**WHAT NEEDS TO BE DONE**
These records contain pictures, which must be left out; copy exactly the lines from the one with "Chính sách cờ bạc có trách nhiệm của Bet888" up to and including the one with "- برفيلكس - brieflex".

**PROVIDED RECORDS**
--

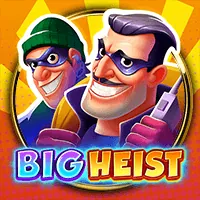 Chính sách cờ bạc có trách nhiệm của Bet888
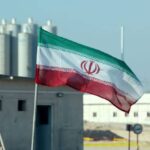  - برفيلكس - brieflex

--

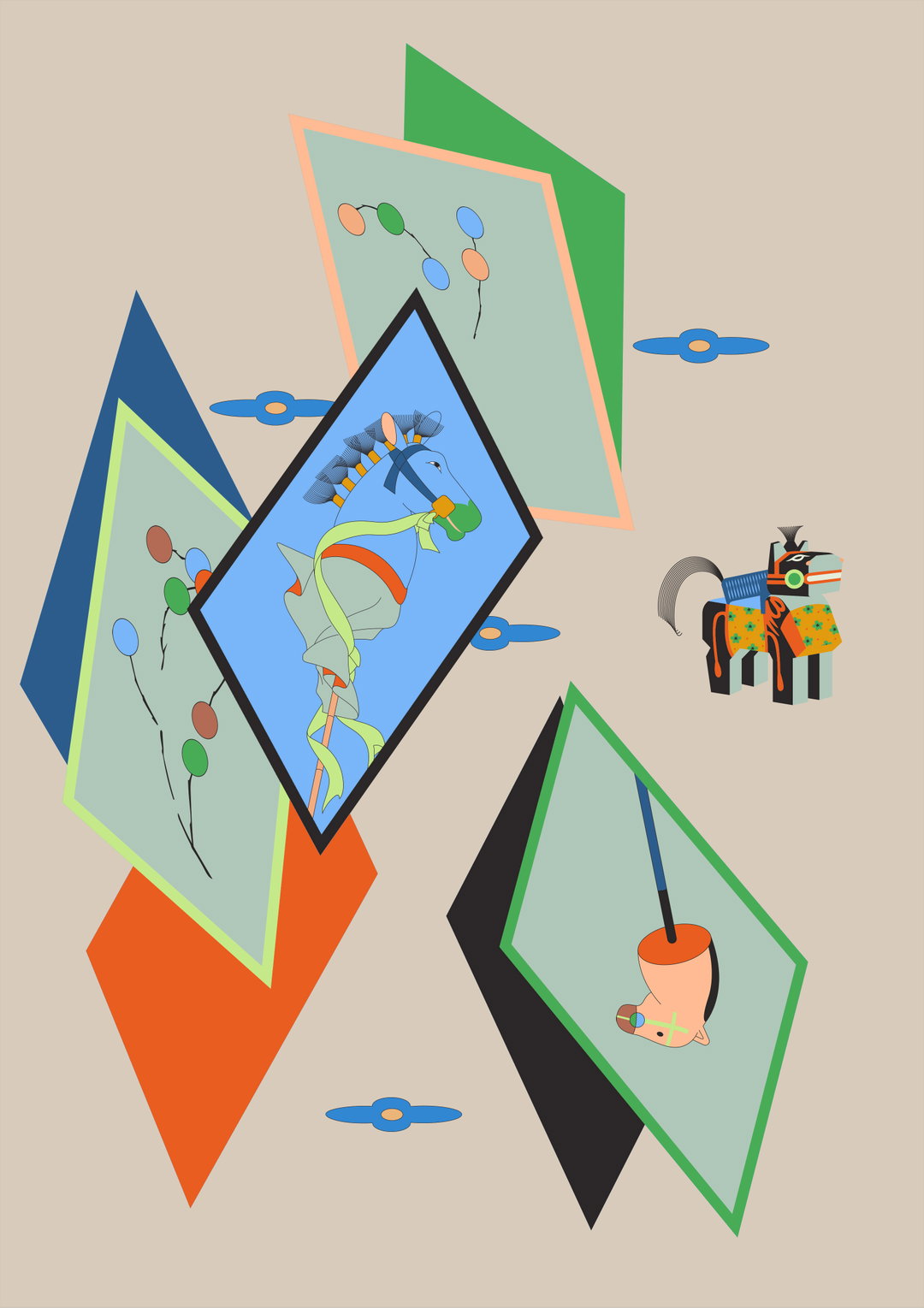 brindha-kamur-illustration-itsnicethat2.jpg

--

**TASK OUTPUT**
 Chính sách cờ bạc có trách nhiệm của Bet888
  - برفيلكس - brieflex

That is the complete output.